All Tradition, no Bikinis for Mayan Beauty Queens
email this pageprint this pageemail usMica Rosenberg - Reuters


A contestant takes part in Guatemala's Maya Indian beauty queen competition in Coban, Guatemala, July 22, 2006. (Reuters/Sandra Sebastian)
Coban, Guatemala - Pretty young women sashay across stage, thoughtfully answer questions and perform dances - but the Rabin Ajaw pageant, which picks Guatemala's Maya Indian beauty queen, is no typical beauty contest.

Instead of bikinis and high heels, the 78 female contestants dress in traditional Mayan knee or calf-length skirts, headdresses and shawls embroidered with flowers and animals.

Parading on a stage that was covered in pine needles, some contestants carried woven baskets or ceremonial candles from their home regions. Others bore corn stalks, carved gourds, fresh fish or a copy of the Popol Vuh, the Mayan holy book.

During a four-day festival in the city of Coban that ended Sunday with a traditional feast of turkey leg soup and spicy chili, the girls gave speeches in their native languages for judges to select one Rabin Ajaw, or "daughter of the king."

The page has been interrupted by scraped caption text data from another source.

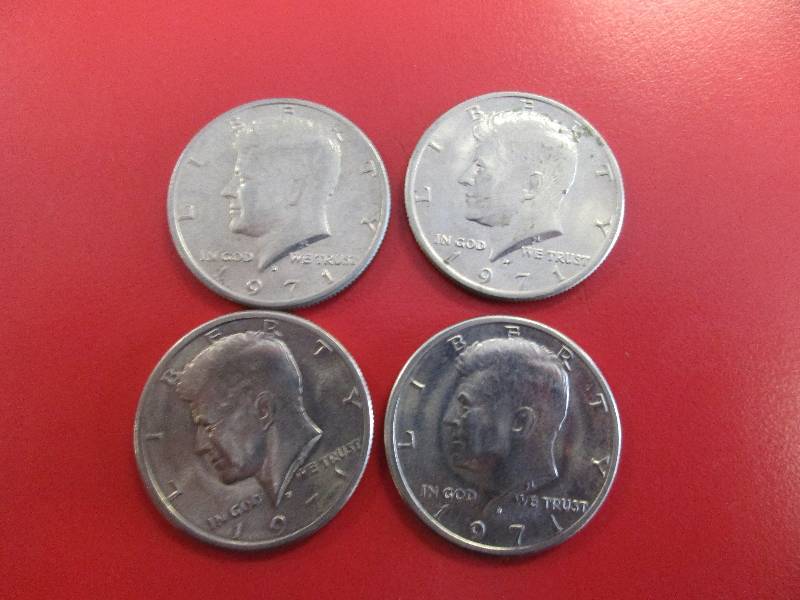 lot 31 image: Lot of (4) Kennedy Half Dollars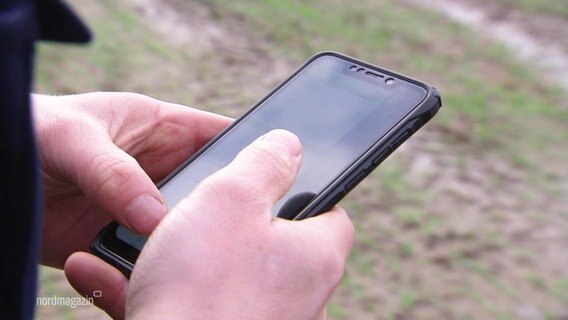 Ein Smartphone ist zu sehen, im Hintergrund ein Acker. © Screenshot 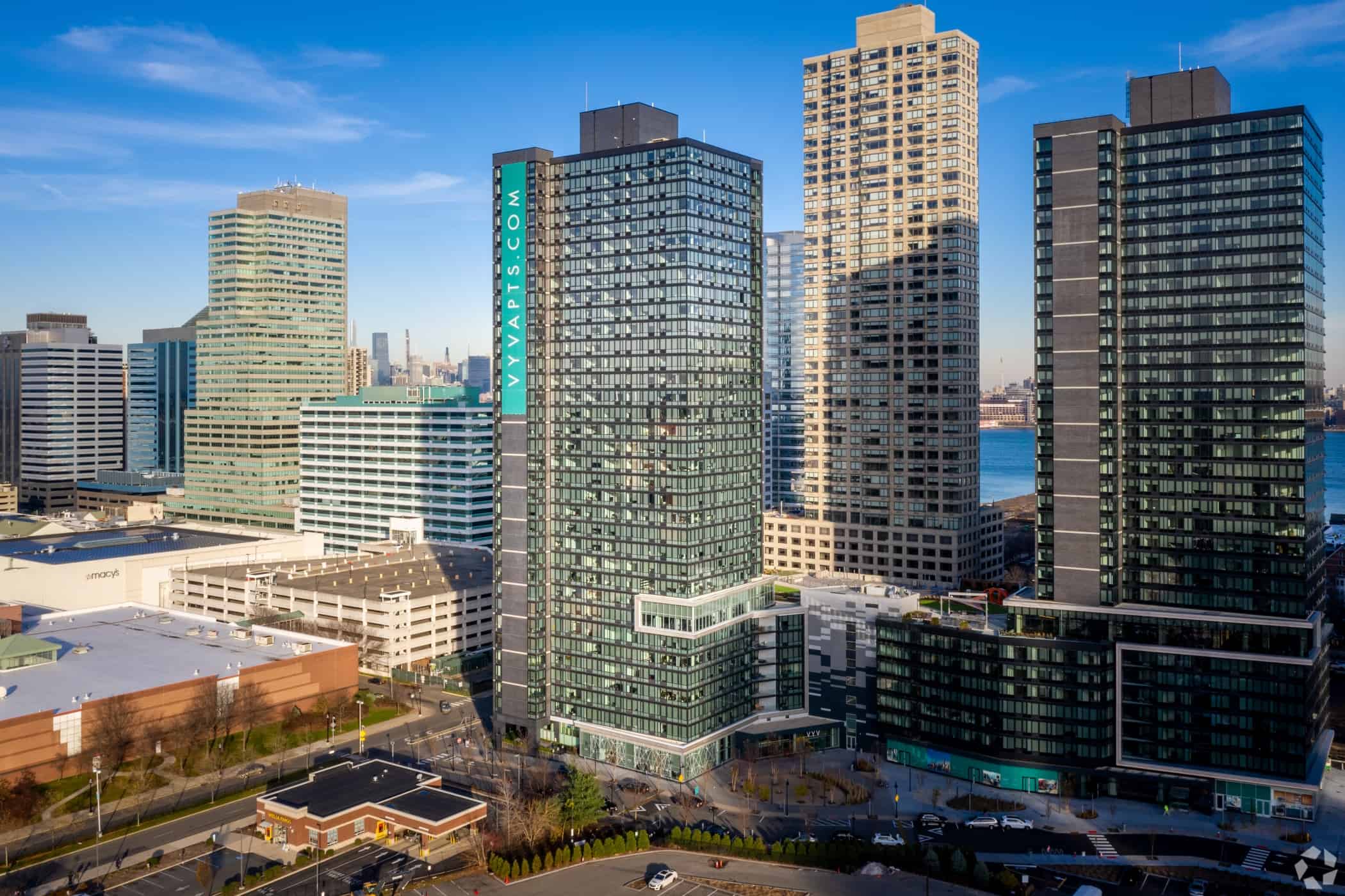 The aerial view showcases modern high-rise buildings in the city, with a river winding peacefully in the background. It's a clear day, an inspiring scene that mirrors the aspirations of an NJ employment lawyer navigating the complexities of urban professional life.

The judging is based on contestants' knowledge of Mayan culture and the beauty of their costumes. Some used the stage at the often solemn six-hour pageant to highlight racism against indigenous groups, which account for more than half of Guatemala's population but suffer the highest levels of poverty and have little access to political power.

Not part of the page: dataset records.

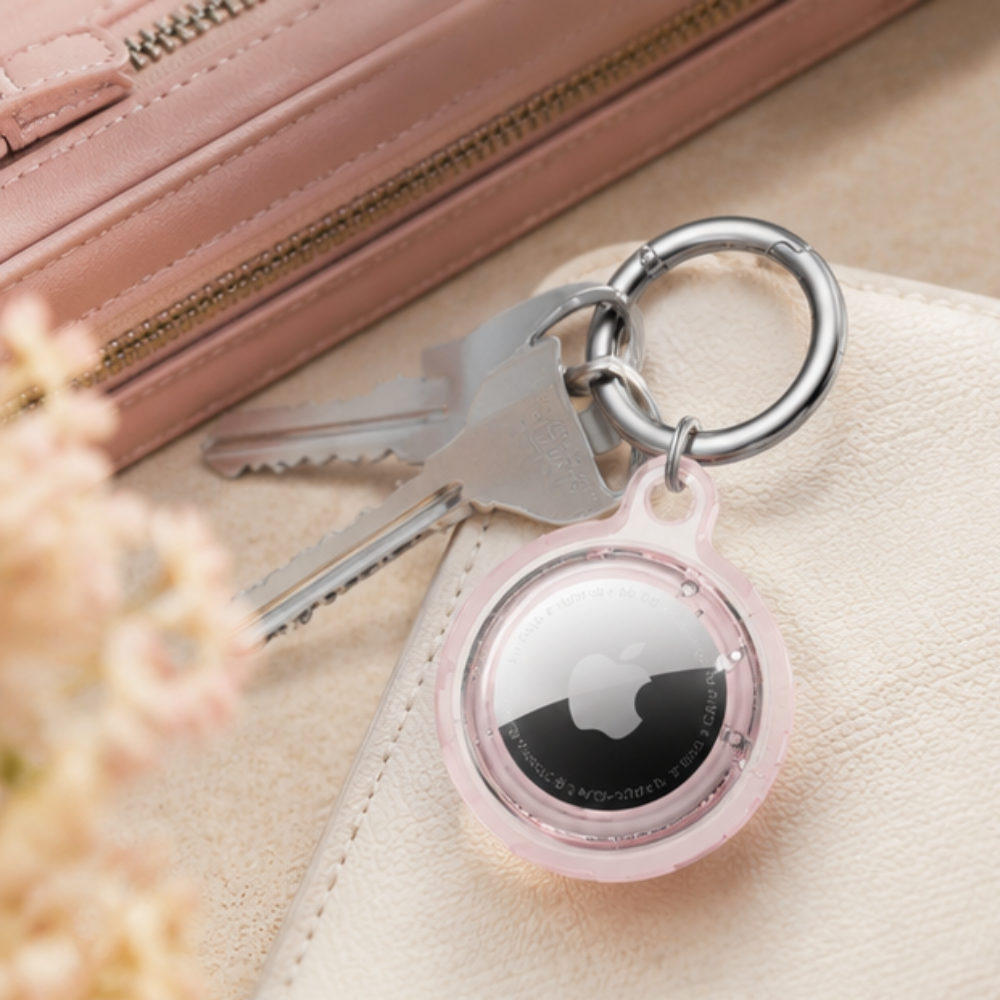 Apple AirTag in a light pink transparent keychain holder displayed on a pink surface, showcasing the clear case design and metal keyring loop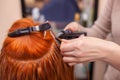 The hairdresser does hair extensions to a young, red-haired girl, in a beauty salon. Royalty Free Stock Photo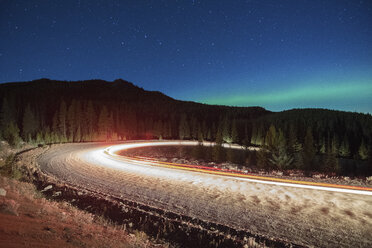 Northern lights, and long exposure light trails from vehicles on road, Nickel Plate Provincial Park, Penticton, British Columbia, Canada - ISF01370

This year's winner, Mariana Sales Jacinto, 21, spoke in her native Mam language about environmental damage caused by international companies that exploit resources on lands traditionally used for agriculture.

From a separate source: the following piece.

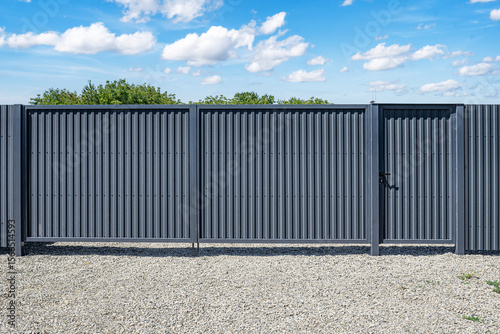 A modern gray corrugated metal fence with a built-in pedestrian gate stands on a gravel surface under a bright blue sky with scattered clouds.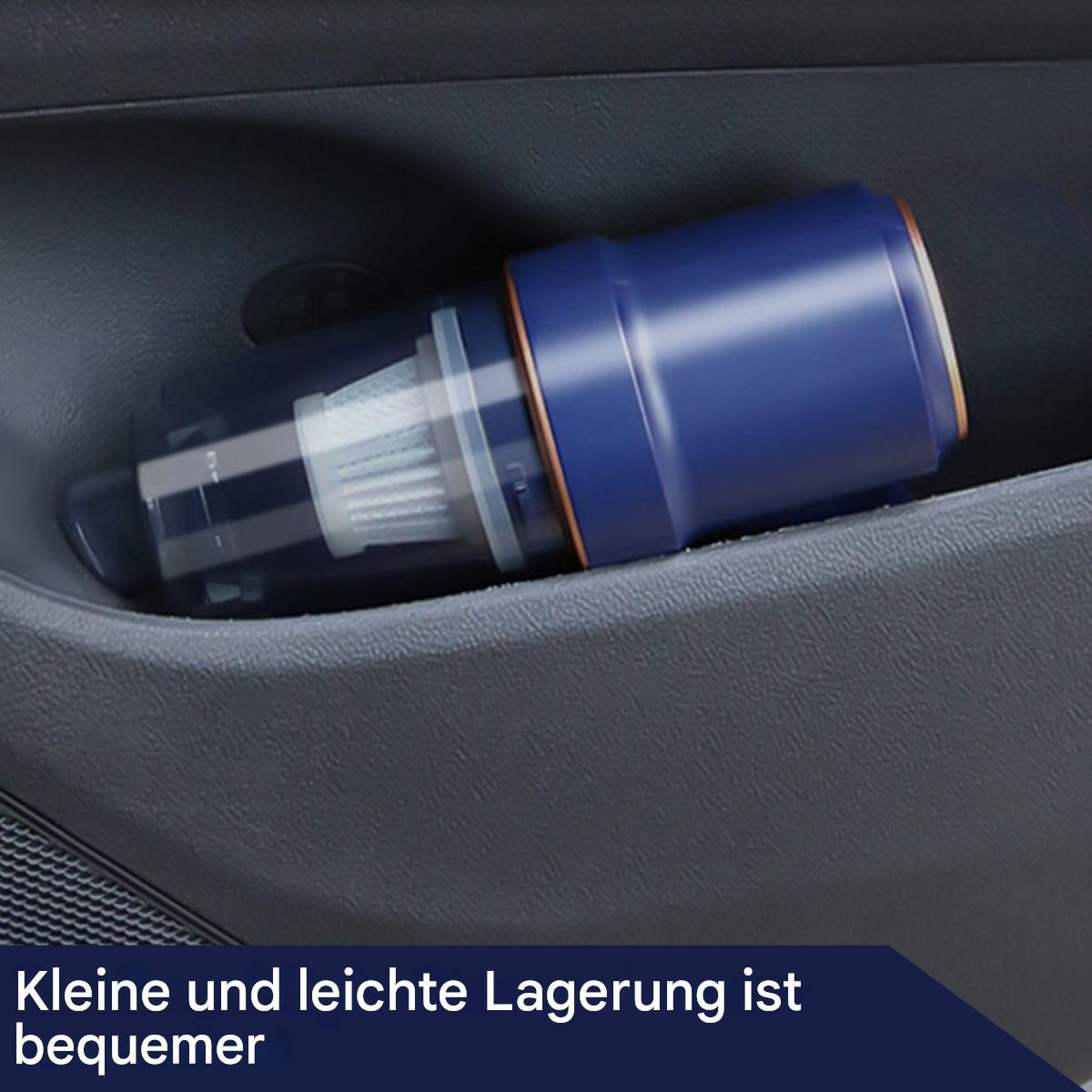 Tragbarer Staubsauger in einer Aufbewahrungstasche im Auto. Blaues Gerät, dunkelgrauer Innenraum.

Jacinto won $1,000 and a trip to south Florida to visit a community of Guatemalans in exile who left during country's civil war.

PAGEANT CONTROVERSY

Critics say the pageant, sponsored this year by Coca-Cola, a film company and Domino's Pizza, offends Mayan culture by turning it into a tourist attraction.

"This folklore festival is a violation of young rural indigenous women because all that is important is their outfits, their dances and the color of their skin," said anthropologist Irma Alicia Velasquez.

Maya Indians bore the brunt of Guatemala's 36-year civil war between leftist guerrillas and government forces. About 200,000 people were killed or disappeared, most of them from poor indigenous villages.

A series of dictatorships and military-backed governments supported the pageant in the 1980s even as they used brutal anti-insurgency tactics. Villages in the lush green mountains near Coban suffered some of the worst massacres of the war.

"The festival was founded and financed by the military that used the event as a strategy to display Indians as submissive," Velasquez said.

Although the war ended in 1996 and Guatemala now holds democratic elections, most indigenous areas still are locked in poverty with poor education and health services.

But for those hoping to win the heavy silver crown festooned with the long green feathers of the national Quetzal bird, the Rabin Ajaw is a way to revive interest in cultures that were nearly wiped off the map.

"This is an important event to show indigenous women can succeed and go far in this world," said Delfina Cuc Bac, an 18-year-old contestant from the Alta Verapaz region. "We want to show our traditional dresses but also everything they represent."